What happens when you add a new consumer to the group
When you add a new consumer, a rebalance occurs — partitions are redistributed among all consumers.
Junior Level
Short answer
When you add a new consumer, a rebalance occurs — partitions are redistributed among all consumers.
Example
Before adding:
C1 → P0, P1
C2 → P2
Added C3:
C1 → P0
C2 → P1
C3 → P2
What happens during rebalance?
Eager rebalancing: 5-30 seconds of full downtime.
Cooperative rebalancing: 1-5 seconds with continued processing on remaining partitions.
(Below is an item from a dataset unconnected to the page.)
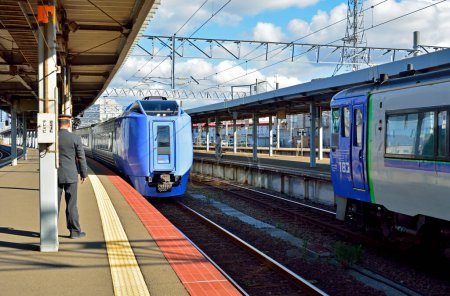 Téléchargez les photos : Train moderne sur la gare bondée, vue de jour - en image libre de droit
Messages accumulate in Kafka
After rebalance, reading resumes
How to add a consumer?
// Just launch a new consumer with the same group.id
props.put("group.id", "my-group");
consumer.subscribe(List.of("orders"));
// Kafka will automatically trigger a rebalance
Middle Level
Rebalancing process (step by step)
1. New consumer connects to broker
2. Sends JoinGroup request
3. Group coordinator starts rebalance
4. All consumers receive notification
5. All consumers stop reading (eager)
or continue with some partitions (cooperative)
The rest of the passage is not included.